Emily just received a notice from the court. Her mother’s Will, signed three years ago, is being challenged – not for its validity, but because a newly discovered deed transferred a significant portion of the estate’s real property after the Will was executed. Emily now faces potential personal liability for failing to identify this transfer during probate, and legal fees are already exceeding $15,000.
The declaration of due diligence, as outlined in California Probate Code section 16061.7, isn’t a form you proactively file with the court in the usual sense. Instead, it’s a legally mandated response to a specific challenge – a petition for instruction regarding omitted property. Understanding when and how this declaration comes into play is crucial for any executor or administrator navigating a complex estate.

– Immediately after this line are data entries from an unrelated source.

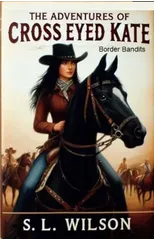 The Adventures of Cross Eyed Kate Book Two "Border Bandits"
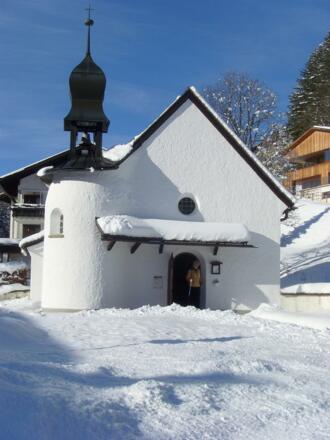Hotel Bellevue Riezlern Kapelle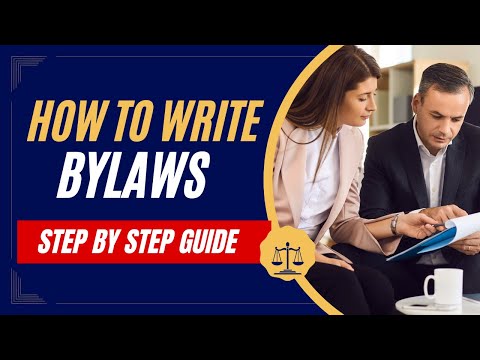 Understanding By-Laws: Examples and Explanation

What Triggers the Need for a Declaration of Due Diligence?

You’ll need to prepare and submit this declaration if a beneficiary or other interested party files a petition asking the court to determine the rightful ownership of property not specifically mentioned in the Will or Trust. This typically happens when a deed, transfer on death designation, or other evidence surfaces after probate has begun suggesting an asset was overlooked or improperly transferred. The court will then issue an order requiring the personal representative to demonstrate they exercised reasonable diligence in identifying and collecting all estate assets.

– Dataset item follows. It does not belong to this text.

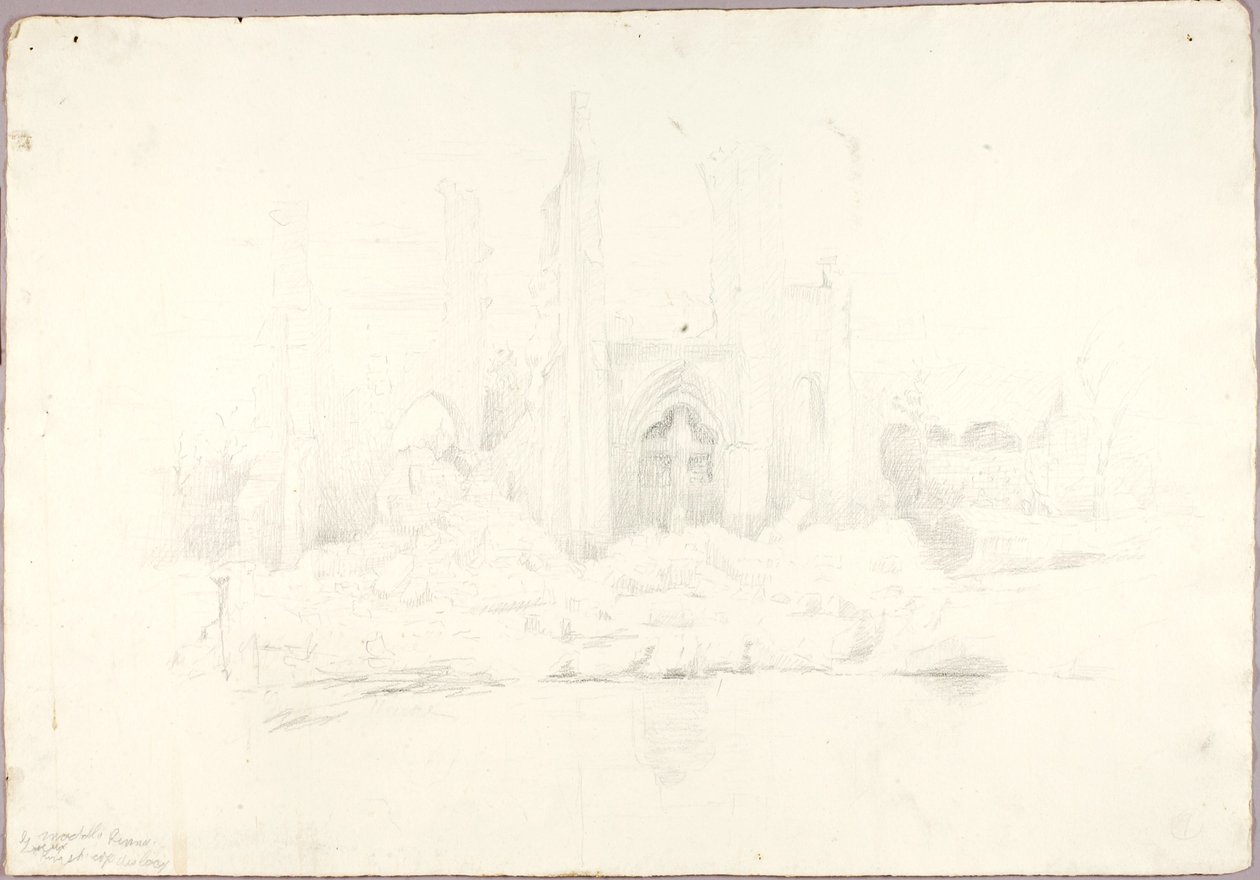 Zonder titel door Solon H. Borglum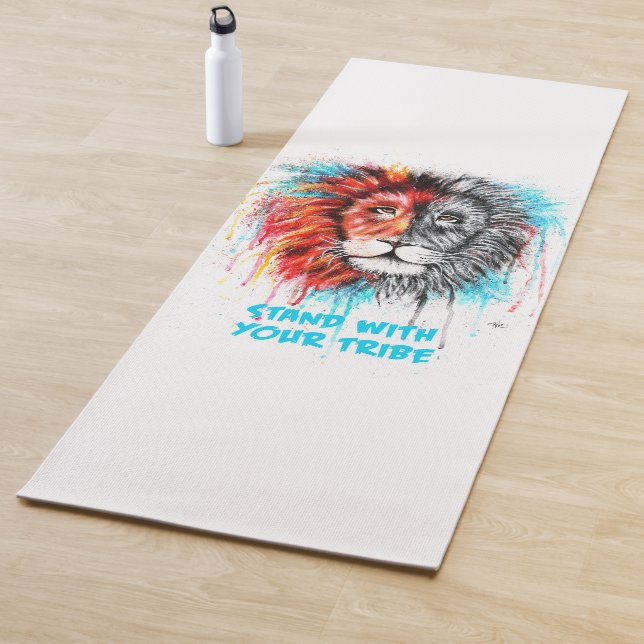 Tapete De Yoga Yoga Mat Com Sua Tribo (In Situ)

What Does the Declaration Require Me to Prove?
The declaration isn’t simply a statement of good intentions. It demands a detailed accounting of the steps you took to locate assets. Specifically, you must outline:
- Reasonable Inquiry with the Deceased: Did you ask the decedent about their assets during their lifetime? Documentation like notes or emails is extremely helpful here.
- Diligent Search of Records: This includes reviewing bank statements, brokerage accounts, real property records (county assessor’s office), and any other relevant documentation.
- Inquiry with Third Parties: You must show you contacted likely holders of assets, such as banks, insurance companies, and former employers. Keep copies of all correspondence.
- Good Faith Effort: The court will evaluate whether your actions were genuine and thorough, rather than perfunctory.
What Happens If I Don’t Demonstrate Due Diligence?
Failure to adequately demonstrate due diligence can have significant consequences. If the court finds you haven’t met the required standard, it can impose personal liability on you for the value of the omitted property. This means your personal assets could be at risk. Moreover, the court may require you to reimburse the estate for any legal fees incurred due to the omission.
How Does My CPA Background Help in These Situations?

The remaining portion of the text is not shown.